I am tentatively interested in playing some 4th Edition D&D, though I should probably not completely rule out Pathfinder. My preferred setting is Eberron, though that is not a requirement.

Gas prices being what they are, whether I would want to join a real group is rather dependent on how eager I am for the specifics of the game, and where and when specifically the game is. In terms of online availability I am pretty good at reasonable EST hours; I am trying to move towards going to bed by 10 PM, though 12 AM is alright. 

I do not have much in the way of books for either system, but I can live with playing with minimal options if I have to.


----------



## Aeolius (May 19, 2011)

The best I can offer is a 3.5e/d20 chat-based game online, Sundays from 9pm-midnight (eastern). Granted, you might get wet.


----------



## Kaodi (May 19, 2011)

I suppose I might be able to compromise to play in a friend's game. Especially one that I have always been somewhat intrigued by,  .

Would it be possible to join with the understanding it might only be temporary though?


----------



## Kaodi (May 19, 2011)

After having briefly looked over your site, I was thinking that were I to join, if no one else is playing an ephyra, it might be interesting to play a soulknife X/wilder 2 with entangling ectoplasm as one of his powers. The imagery of a such a character "creating" their weapons from their own bioluminescent and jelly body is pretty cool in my mind right now...


----------



## Aeolius (May 20, 2011)

Kaodi said:


> The imagery of a such a character "creating" their weapons from their own bioluminescent and jelly body is pretty cool in my mind right now...

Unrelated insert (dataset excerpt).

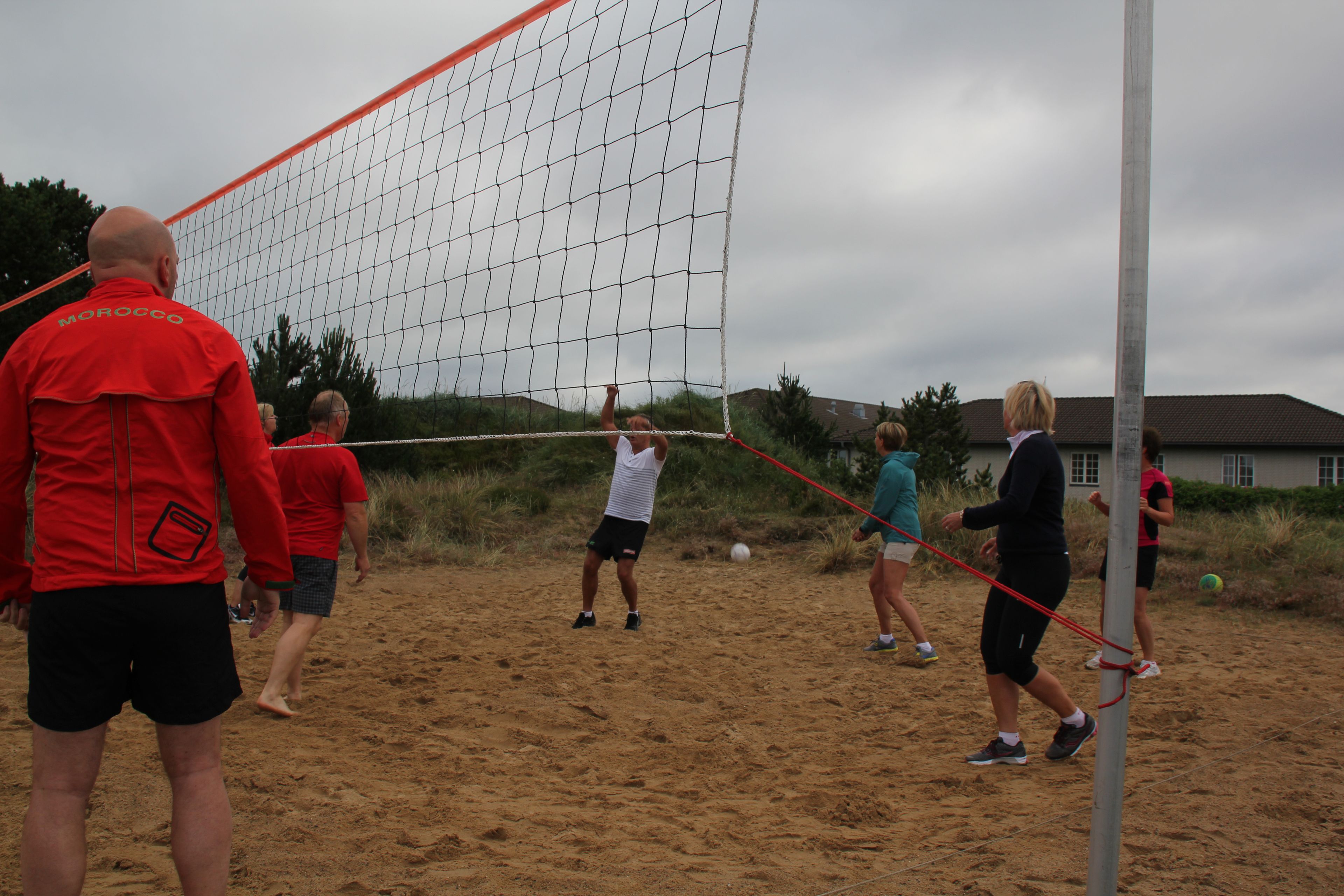 A group of people playing volleyball on a sandy beach.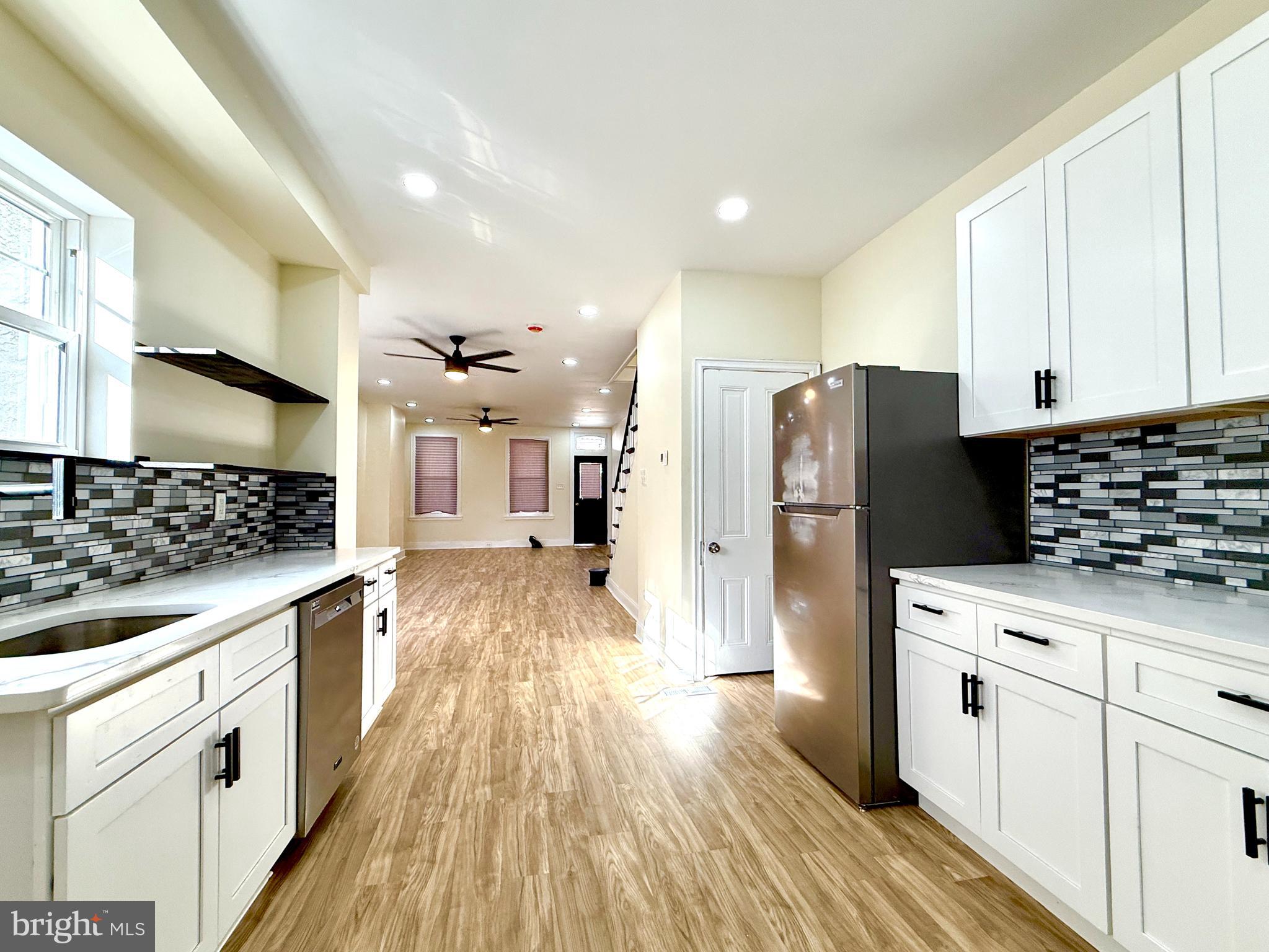 2913 West 6th Street Chester, PA 19013 - Photo 12 of 20 a kitchen with a refrigerator and a stove top oven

"It must be jelly 'cause jam don't shake like that"   

Sounds like an intriguing character concept. When it comes to real world jellies, I like the mauve stingers , box jellies , and bluebottles (portuguese man o'war). 

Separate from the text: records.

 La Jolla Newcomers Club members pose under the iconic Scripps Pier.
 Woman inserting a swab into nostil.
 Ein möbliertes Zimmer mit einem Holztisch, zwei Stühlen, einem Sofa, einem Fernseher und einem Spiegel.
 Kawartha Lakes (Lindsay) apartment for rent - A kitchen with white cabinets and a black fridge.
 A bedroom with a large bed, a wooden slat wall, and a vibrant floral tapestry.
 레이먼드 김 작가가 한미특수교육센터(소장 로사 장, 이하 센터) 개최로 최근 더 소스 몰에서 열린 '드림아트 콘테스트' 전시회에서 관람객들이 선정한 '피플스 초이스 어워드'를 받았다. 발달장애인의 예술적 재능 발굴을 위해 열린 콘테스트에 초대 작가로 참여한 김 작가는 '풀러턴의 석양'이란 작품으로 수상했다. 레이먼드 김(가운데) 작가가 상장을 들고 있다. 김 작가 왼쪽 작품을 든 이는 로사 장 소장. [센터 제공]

Granted, golden jellies are cool:
[ame="http://www.youtube.com/watch?v=DhpaqFya2pg"]Golden Jellyfish[/ame]


----------



## Kaodi (May 26, 2011)

Just to be clear, even though I now am playing in Aeolius' game, I am still looking for something local and in person. I may be warming up more to Pathfinder, because it does much of what I liked about 3e, but better.


----------